SOURCE MATERIAL

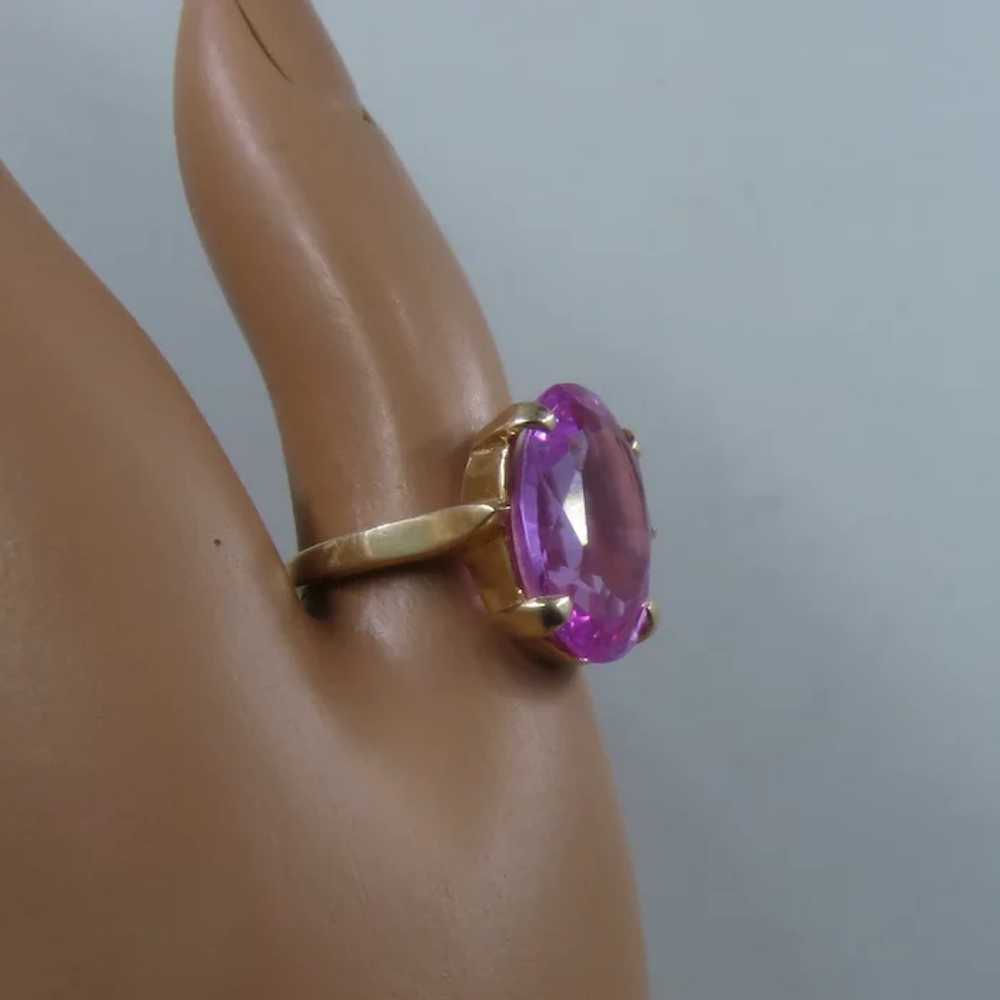 Vintage 14K Pink Sapphire Cocktail Ring 15 Carats… - image 10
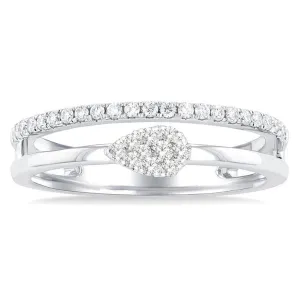 10K White Gold Stackable Natural Diamonds Ring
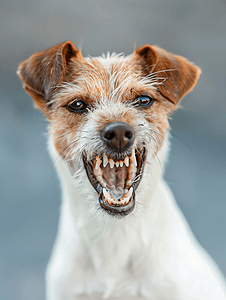 露出尖牙的攻击性狗咧嘴大笑的小狗杰克罗素梗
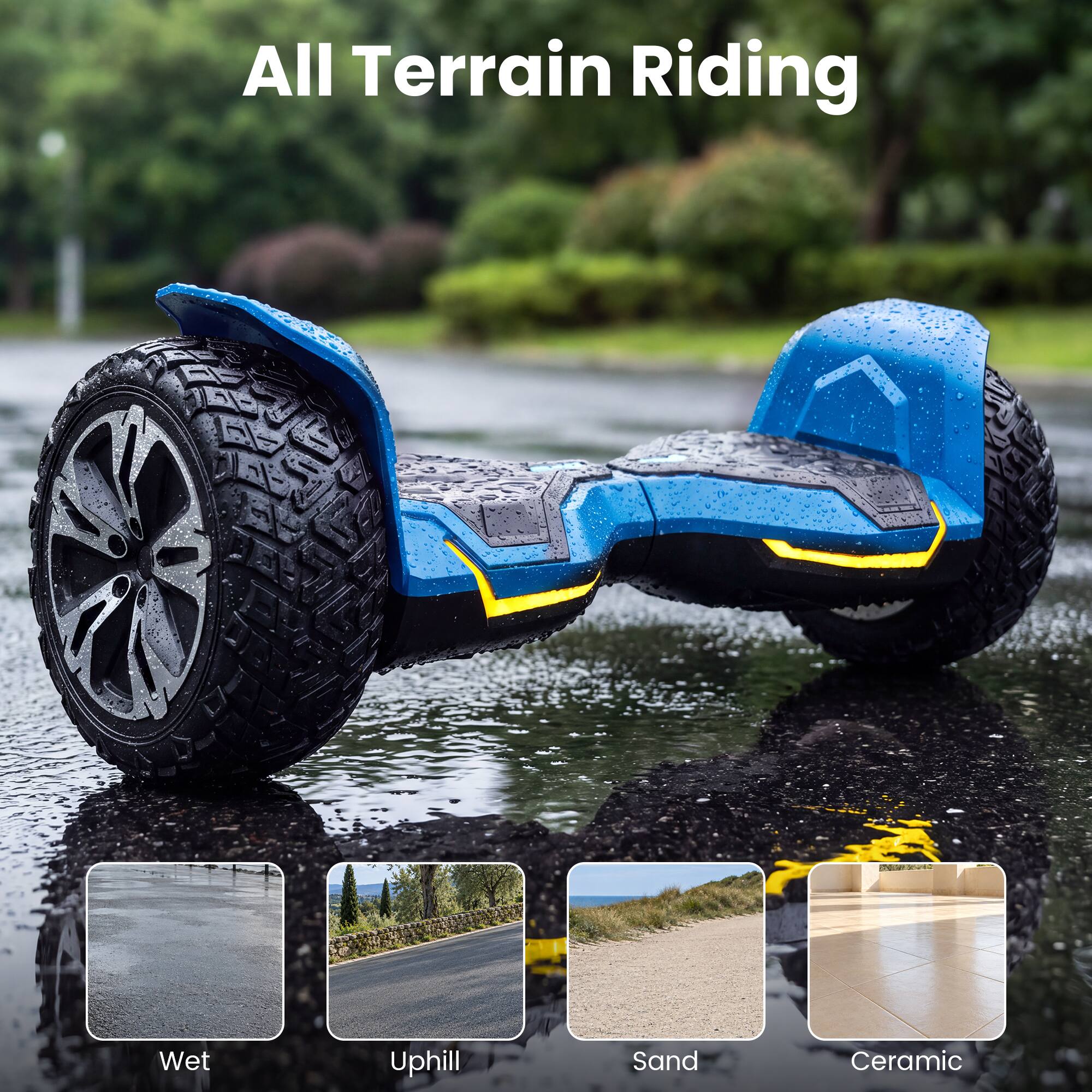 All Terrain Riding

Wet  
Uphill  
Sand  
Ceramic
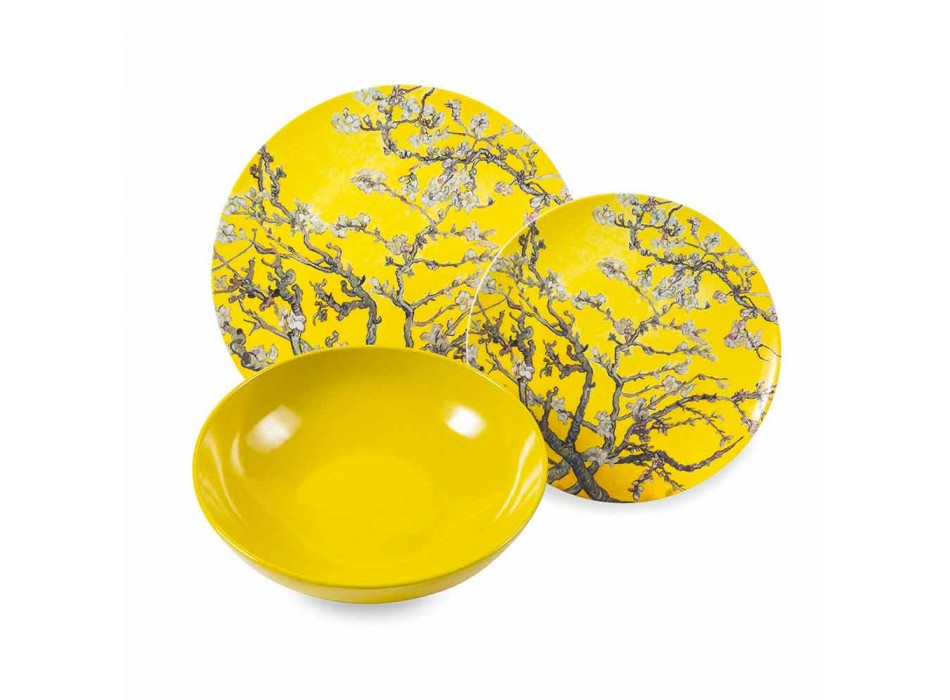 Barevné porcelánové a kamenné talíře Moderní stolní služba 18 kusů - Nagoya Viadurini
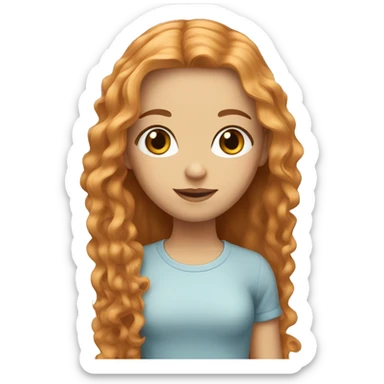 A girl with long strawberry blonde hair and brown eyes  sticker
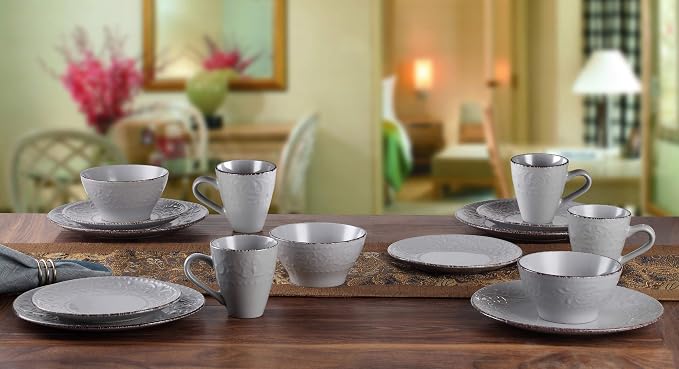 Lorren Home Trends LH527 Dinnerware Set for Entertaining, One Size, Gray
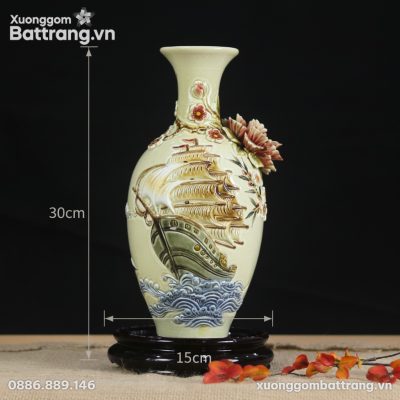 Kích thước Bảo Bình Đắp Nổi Thuận Buồm Xuôi Gió Men Kem XG-BB02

WHAT THE TASK ASKS
Produce the entries again, word for word, without any of their pictures.

RESPONSE AREA
 Vintage 14K Pink Sapphire Cocktail Ring 15 Carats… - image 10
 10K White Gold Stackable Natural Diamonds Ring
 露出尖牙的攻击性狗咧嘴大笑的小狗杰克罗素梗
 All Terrain Riding

Wet  
Uphill  
Sand  
Ceramic
 Barevné porcelánové a kamenné talíře Moderní stolní služba 18 kusů - Nagoya Viadurini
 A girl with long strawberry blonde hair and brown eyes  sticker
 Lorren Home Trends LH527 Dinnerware Set for Entertaining, One Size, Gray
 Kích thước Bảo Bình Đắp Nổi Thuận Buồm Xuôi Gió Men Kem XG-BB02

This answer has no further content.